L’annonce du déploiement de la mission « Arctic Sentry » par l’OTAN semble marquer un tournant dans les relations transatlantiques concernant l’Arctique. Avant la réunion des ministres de la Défense de l’OTAN à Bruxelles, le ministre allemand de la Défense, Boris Pistorius (SPD), a confirmé que le conflit était, selon lui, « plus ou moins » désamorcé.

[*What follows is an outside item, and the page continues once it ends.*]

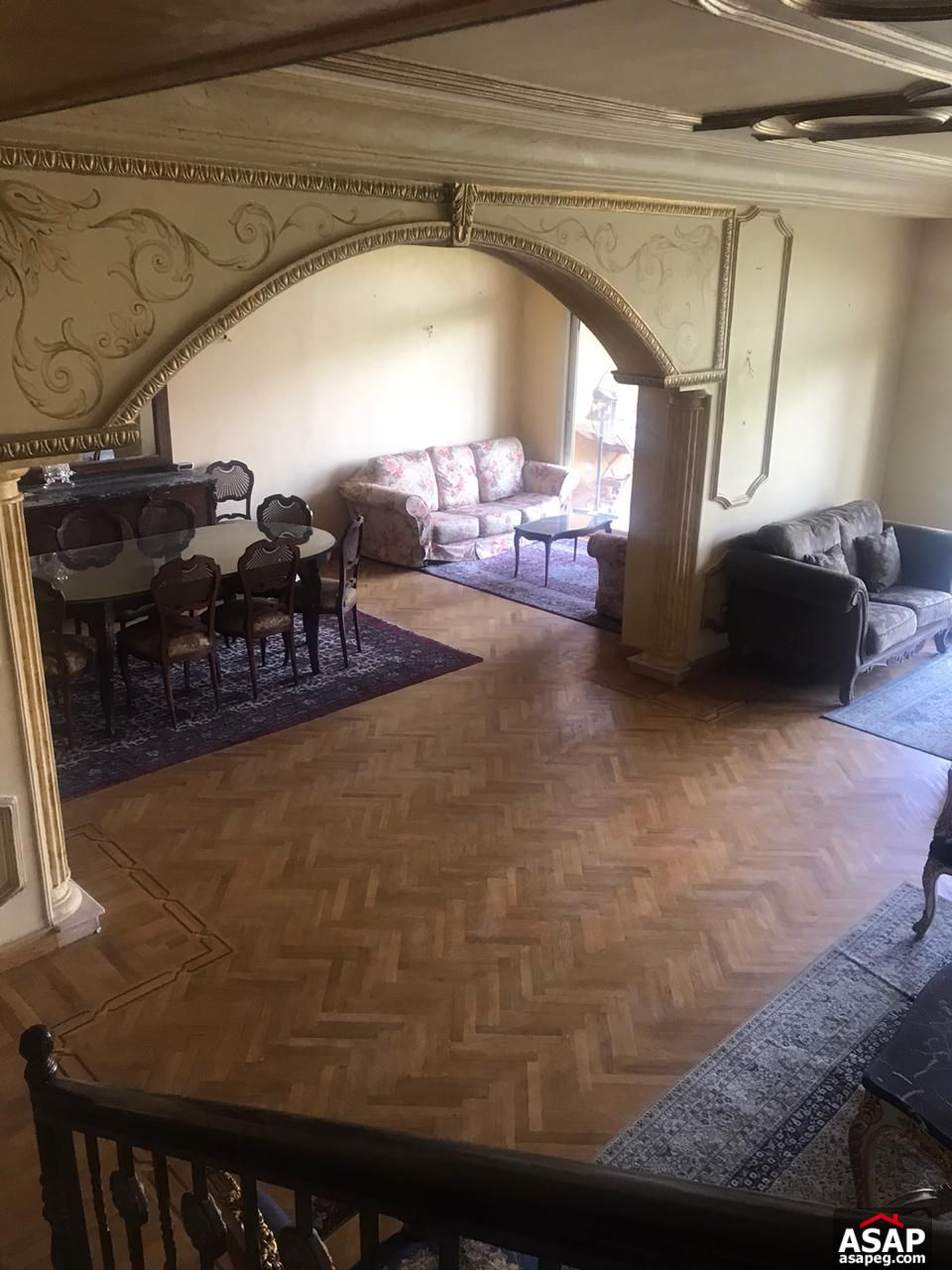 Twin House with Big Garden for Rent in Dyar Arco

Son homologue néerlandais, Ruben Brekelmans, s’est dit « confiant » quant au fait que cette mission dans l’Arctique « répond également aux préoccupations des États-Unis ». Le ministre belge de la Défense, Theo Francken, a quant à lui exprimé sa satisfaction de voir une collaboration renouvelée :
« C’est bien que nous travaillions ensemble et que nous arrêtions de nous disputer de l’autre côté de l’Atlantique. La mission a été décidée avec les États-Unis : alors, oui, je pense qu’ils sont dans la lignée de nous. »
Theo Francken, ministre belge de la Défense
Selon le Haut commandement des forces alliées en Europe (SHAPE), cette nouvelle mission a pour objectif de coordonner les activités des membres de l’OTAN dans la région arctique et de « renforcer la présence de l’OTAN là-bas ». Elle intervient après une période de tensions exacerbées par les déclarations de Donald Trump.
Depuis son retour à la Maison Blanche il y a environ un an, Donald Trump avait à plusieurs reprises revendiqué la propriété du Groenland, justifiant cette démarche par des impératifs de sécurité liés à la région arctique. Il avait même évoqué la possibilité d’utiliser la force militaire pour parvenir à ses fins, avant de revenir sur cette menace le mois dernier, suite à une conversation avec le secrétaire général de l’OTAN, Mark Rutte.